SANTA MONICA, Calif.—The average cost of a cyber breach in 2015 was nearly $674,000—for now, according to NetDiligence’s latest cyber claims study.
Revealed at its Cyber Risk & Privacy Liability Forum here, the claims study is based on a sampling of 160 cyber liability claims, with a claim range of zero to $15 million. Claims involving the loss of records containing personal identifiable information made up the most (45 percent). Nearly a third involved hackers.
NetDiligence said the dataset, received from about 20 insurers, includes some claims that have not yet been paid. The average could rise to $1.1 million assuming self-insured retentions are met.
“It is virtually certain that additional payouts will be made on a significant portion of the claims in our dataset and therefore the costs in this study are almost certainly understated,” read the report.
For samples in the pool of 160 claims that reported both the number of records involved in the incident and cost, the average cost per record was about $964—a slight increase from an average of about $956 reported a year ago.
With the help of NetDiligence, Verizon said it looked at the average cost per record from a breach and found it isn’t constant and can be inversely related to the number of records.
“Small breaches could have costs that skyrocket into tens of thousands of dollars per record, while very large breaches (millions of records) will have their cost per record drop down to just pennies per record,” Verizon said. “Any simple cost-per-record estimate will greatly underestimate the costs for small breaches and grossly overstate the losses from larger breaches.”
NetDiligence concluded the average legal costs were about $434,000 and the average settlement was $880,800. The average cost of crisis services was $500,000, with a median total of $60,000.
The report, for the first time, delves into organization size. Smaller organizations made up most of the claims, with organizations with revenue of less than $50 million accounting for 28 percent and organizations with a revenue range of $50 million to $2 billion making up 43 percent.

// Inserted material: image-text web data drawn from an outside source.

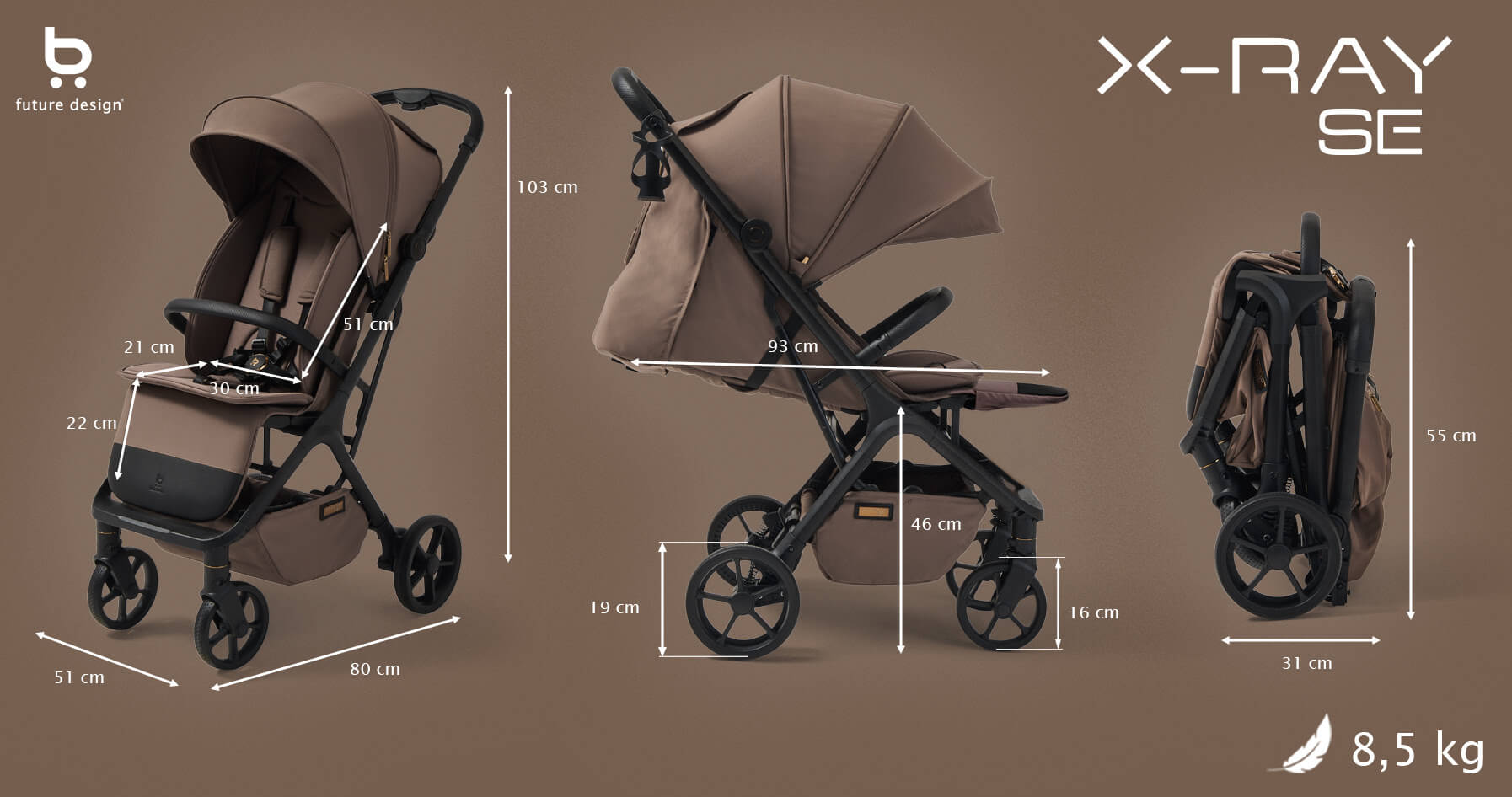 X RAY SE wymiary i waga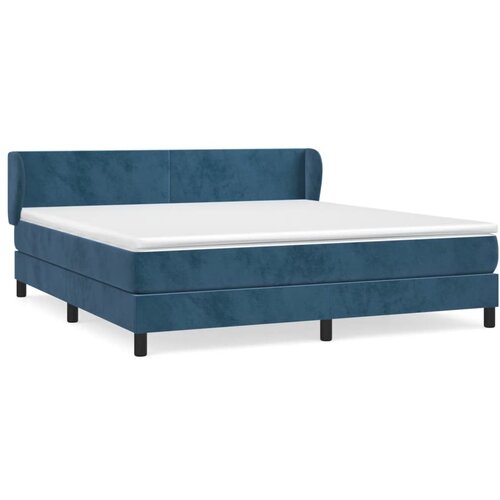 Maison Chic Box spring postelja - Vzmetna postelja z vzmetnico temno modra 180x200 cm žamet SL9205, (21900882) Cene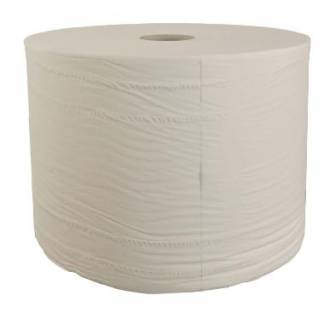 Aft&oslash;rringsrulle Industri Extra Soft 1-lag Uperfo. &Oslash;38xB33cmxL1200m Nyfiber Hvid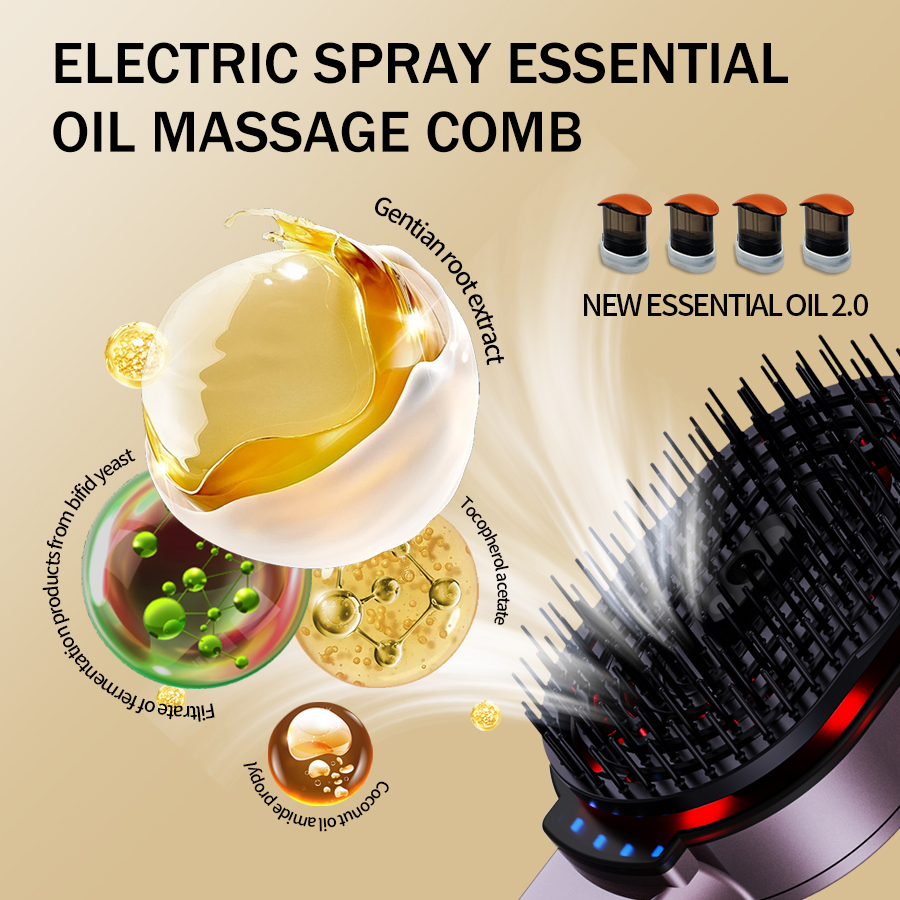 4-in-1 Massage Comb Essential  - Spa Y Wellness ulasan dan harga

Symantec, a sponsor of the report, added some comments: “Why smaller organization? These organizations tend to be operating with the tightest budget for security and staff, they have business connections to larger companies through partnerships and products, and the data they are storing and transmitting is still very useful to nefarious individuals.”
Attacks on smaller companies can cause other incidents and claims. Symantec called for data to analyze how far one attack on a small business can travel into the industry around it.